Your instructions:
Although the data holds pictures, return only the lines from the one containing "BENYLIN HERBAL CHESTY" to the end, exactly, and without them.

Raw data:
Content starts

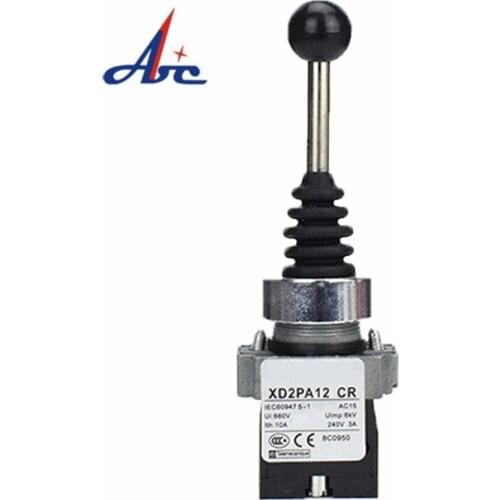 XD2PA12CR 2Positions Latching Maintained Wobble Stick Joystick Switch 2 direction lock switch master switch rocker switch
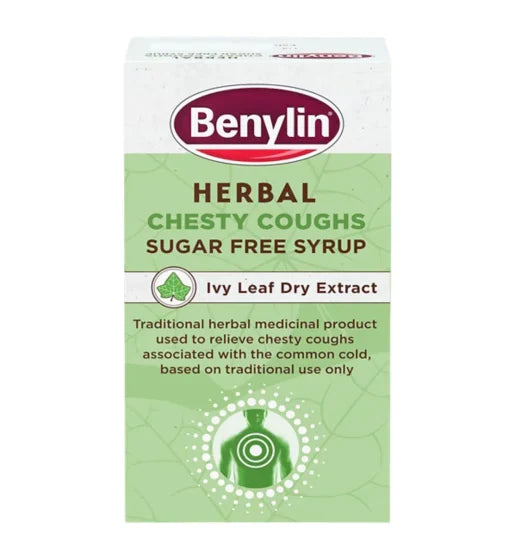 BENYLIN HERBAL CHESTY COUGH SUGAR FREE SYRUP 100ML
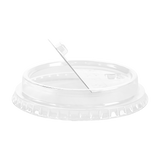 Karat Half Moon Sipper lids for 12-24oz PET Plastic cup - 98mm - Strawless Lids-Cups & Lids-karat-Restaurant Supply Drop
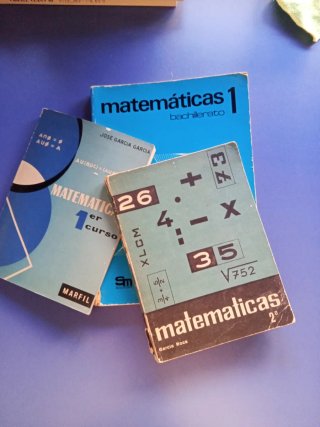 3 libros de matemáticas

Content ends

The completed task:
 BENYLIN HERBAL CHESTY COUGH SUGAR FREE SYRUP 100ML
 Karat Half Moon Sipper lids for 12-24oz PET Plastic cup - 98mm - Strawless Lids-Cups & Lids-karat-Restaurant Supply Drop
 3 libros de matemáticas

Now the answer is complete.